Assigned task —
Everything in the listing below should be repeated exactly, apart from the pictures.

Dataset extract —
****
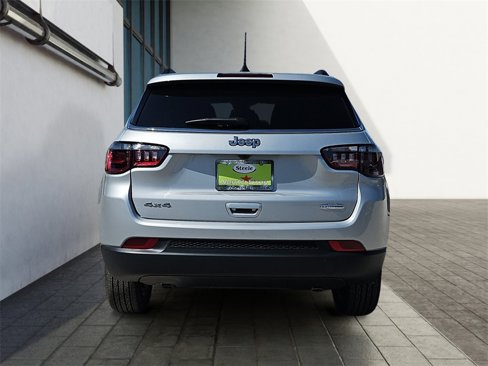 New 2025 Jeep Compass Latitude image 4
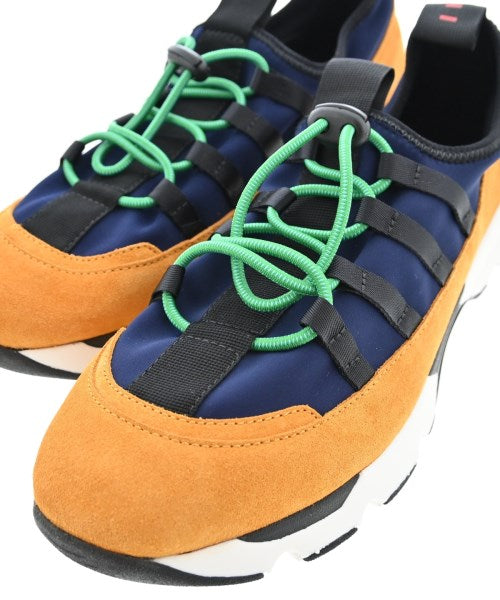 MARNI รองเท้าผ้าใบ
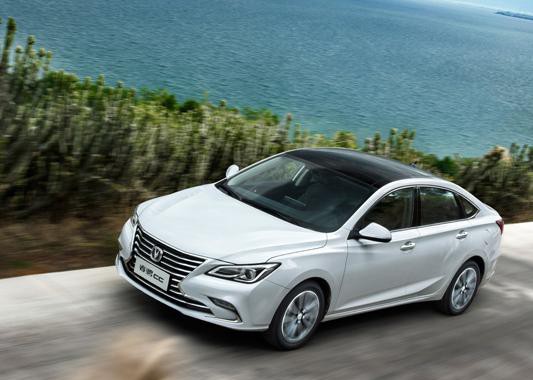 悬浮大屏 全景天窗 长安最色轿车能否逆袭？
****
Task answer —
 New 2025 Jeep Compass Latitude image 4
 MARNI รองเท้าผ้าใบ
 悬浮大屏 全景天窗 长安最色轿车能否逆袭？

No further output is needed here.